While the waters may be chilly off the coast of Portland, Maine, the fishing is far from it. Fishing charters prowl these water for anything from tuna to sharks. Learn what other kinds of fish frequent the coast of Portland, where the best spots are to catch them, as well as the best time of year to plan your trip.
The waters may be a little chilly off the coast of Portland, Maine, but they're loaded with fishing hot spots. From schools of speedy tuna to solitary thrashing sharks, these rock-infused waters offer some of the most exciting, uncrowded fishing on the East Coast.
Laced with coves and back bays, the sheltered waters of Portland, Maine, provide a great setting for inshore fishing. Then, just a few miles out from the rocky coast, Portland fishing charters roam the open ocean for larger game fish.
Undoubtedly, whether you venture out into the Atlantic or prowl Casco Bay, you'll be surrounded by trademark New England scenery--rocky beaches, towering bluffs, illuminating lighthouses, etc.--as well as some of the best fishing in the region.
Striped Bass: After spawning during the spring, these Atlantic coastline natives migrate north to New England waters. Striped bass, commonly called stripers, have a silvery body marked with longitudinal dark stripes. While they average around 3 ft. long, they can grow as large as 6 ft. and 125 lbs.

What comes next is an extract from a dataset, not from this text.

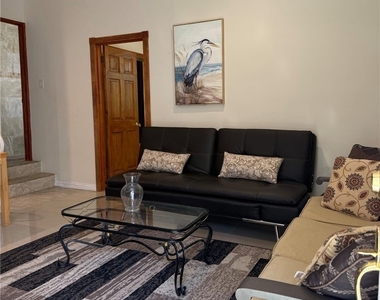 22972 Avenue San Luis - Photo Thumbnail 2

Bluefin Tuna: Every year, after spawning in the Gulf of Mexico, Bluefin tuna flock to the coast of Maine to replenish their fat reserves. The increasingly popular Bluefin tuna have a dark blue color on top and a gray bottom with a gold coruscation covering the body. They can be distinguished from other family members by the relatively short pectoral fins.
Bluefish: The bluefish is a popular game fish known for putting up a good fight--and they taste pretty good too. They're moderately portioned with a broad, forked tail. Coloration is a grayish blue-green dorsally, fading to white on the lower sides and belly. They can range in size from seven-inch "snappers" to around twenty pounds and even as much as forty pounds.

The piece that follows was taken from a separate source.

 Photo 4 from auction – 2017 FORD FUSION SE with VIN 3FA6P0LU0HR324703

Mackerel: Known for their meat and their fighting ability, mackerel are a popular recreational and commercial fish. However, the meat can spoil quickly, so it must refrigerated or eaten within a day of capture. They feature a slim, cylindrical shape with numerous finlets on the dorsal and ventral sides.
Shark: The offshore waters of Maine hold several species of sharks. Of these species, blue sharks are the most common, but threshers, porbeagles, and mako sharks are all targeted by fishing charters in Portland. Blue sharks average around 7-12 ft. in length and can weigh over 100 lbs. Of course, the mako, known for its acrobatics, is one of the most fun sharks to catch.
Bottom Fish: The rocky bottoms that line the coast of Maine provide ideal habitats for bottom fish. Popular catches in the Portland area include cod, haddock, pollock, monkfish and other bottom feeders.
With waters that rarely rise about 67 degrees, most of the fishing in Portland, Maine, is done during the summer months. However, many fish can be found well into the fall and some even all year round. For example, the popular striped bass are one of these fish that can be caught year round, but they're most abundant from May through October, with July being the peak of striper season.
Bluefin tuna, on the other hand, migrate north after spawning in the Gulf of Mexico. So, while you won't find many during the winter, come mid-July you'll be reeling in Bluefin tuna until the end of October. Similarly, bluefish and sharks are seasonal fish, peaking in the mid-summer months.
For the most part, bottom fish--cod, haddock, pollock, monkfish, etc.--can be caught year round. Of course, if you're planning a specific fishing trip to Portland, Maine, you can always seek advice from local fishing guides.
The waters surrounding Portland offer a diverse selection of fishing grounds. From small rocky coves to vast bays and the open ocean, each fishing spot is a little different than the other.
Unlike many striper fishing spots, most of the striped bass fishing in Portland is done in shallow, clear waters along the flats and coves of Casco Bay. Casco Bay, which is riddled with offshore islands and rock piles, is known for producing some of the largest fish.
Bluefin tuna can often be found relatively close to the coast, often 5 to 10 miles. Sharks on the other hand, can be caught anywhere from 10 to 40 miles from the shoreline, depending on the season and the species being targeted.
The rigid New England coastline, filled with small islands, offers some of the best inshore fishing in the world. However, for those feeling more adventures the offshore fishing ranks up there among the best as well. As always, though, if you're planning a fishing charter in Portland, simply speak with the experts. Let them know your experience and what you plan to catch. Without a doubt, they'll be able to put you in a location to meet your needs.